In [1]:
# download the dataset from https://data.vision.ee.ethz.ch/cvl/rrothe/imdb-wiki/static/wiki_crop.tar

# !wget https://data.vision.ee.ethz.ch/cvl/rrothe/imdb-wiki/static/wiki_crop.tar
# !tar -xvf wiki_crop.tar

In [2]:
# import the packages
import matplotlib.pyplot as plt
import numpy as np
import os
import tensorflow as tf
import time
from datetime import datetime
from keras import Input, Model
from keras.applications import InceptionResNetV2
from keras import backend as K
from keras.callbacks import TensorBoard
from keras.layers import (
    Conv2D,
    Flatten,
    Dense,
    BatchNormalization,
    Reshape,
    concatenate,
    LeakyReLU,
    Lambda,
    Activation,
    UpSampling2D,
    Dropout
)
from keras.optimizers import Adam
from keras.utils import to_categorical
from keras_preprocessing import image
from scipy.io import loadmat

In [3]:
def build_encoder():
    """
    Build the encoder network that encodes an image (x) to a latent vector (z)
    or a latent vector representation.
    """
    input_layer = Input(shape=(64, 64, 3))

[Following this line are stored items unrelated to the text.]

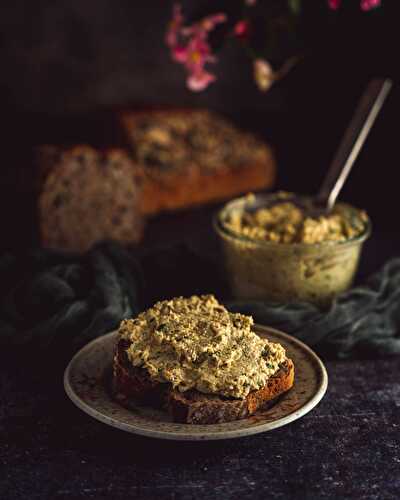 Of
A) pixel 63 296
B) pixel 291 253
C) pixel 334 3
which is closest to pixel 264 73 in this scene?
pixel 334 3

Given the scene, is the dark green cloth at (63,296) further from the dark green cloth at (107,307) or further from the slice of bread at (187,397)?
the slice of bread at (187,397)

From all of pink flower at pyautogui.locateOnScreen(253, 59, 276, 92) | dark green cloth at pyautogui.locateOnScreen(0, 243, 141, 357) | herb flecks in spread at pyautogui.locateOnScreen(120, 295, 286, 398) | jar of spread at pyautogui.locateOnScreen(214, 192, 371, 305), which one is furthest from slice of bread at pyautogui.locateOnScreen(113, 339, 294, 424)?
pink flower at pyautogui.locateOnScreen(253, 59, 276, 92)

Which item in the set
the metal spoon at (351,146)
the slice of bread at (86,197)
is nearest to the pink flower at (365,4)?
the metal spoon at (351,146)

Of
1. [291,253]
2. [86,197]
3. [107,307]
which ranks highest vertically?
[291,253]

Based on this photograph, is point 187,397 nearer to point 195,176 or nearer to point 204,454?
point 204,454

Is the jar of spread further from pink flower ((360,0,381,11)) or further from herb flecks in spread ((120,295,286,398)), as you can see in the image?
pink flower ((360,0,381,11))

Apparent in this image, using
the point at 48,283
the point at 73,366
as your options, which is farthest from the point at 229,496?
the point at 48,283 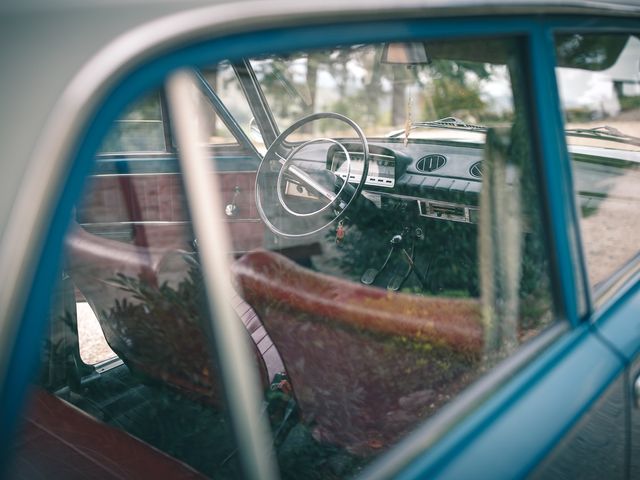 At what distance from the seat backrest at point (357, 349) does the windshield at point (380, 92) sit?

    # 1st convolutional block
    enc = Conv2D(
        filters=32, kernel_size=5, strides=2, padding="same"
    )(input_layer)
    enc = LeakyReLU(alpha=0.2)(enc)

    # 2nd convolutional block
    enc = Conv2D(
        filters=64, kernel_size=5, strides=2, padding="same"
    )(enc)
    enc = BatchNormalization()(enc)
    enc = LeakyReLU(alpha=0.2)(enc)

    # 3rd convolutional block
    enc = Conv2D(
        filters=128, kernel_size=5, strides=2, padding="same"
    )(enc)
    enc = BatchNormalization()(enc)
    enc = LeakyReLU(alpha=0.2)(enc)

    # 4th convolutional block
    enc = Conv2D(
        filters=256, kernel_size=5, strides=2, padding="same"
    )(enc)
    enc = BatchNormalization()(enc)
    enc = LeakyReLU(alpha=0.2)(enc)

    # flattening layer
    enc = Flatten()(enc)

    # 1st fully-connected Layer
    enc = Dense(4096)(enc)
    enc = BatchNormalization()(enc)
    enc = LeakyReLU(alpha=0.2)(enc)

    # 2nd fully-connected Layer
    enc = Dense(100)(enc)

    # create the model and return it
    model = Model(inputs=[input_layer], outputs=[enc])
    return model

In [4]:
def build_generator():
    """
    Build the Generator.
    It takes a 100-dimensional vector z and generates an image with a dimension of (64, 64, 3).
    """
    # define the hyperparameters
    latent_dims = 100
    num_classes = 6

    input_z_noise = Input(shape=(latent_dims,))
    input_label = Input(shape=(num_classes,))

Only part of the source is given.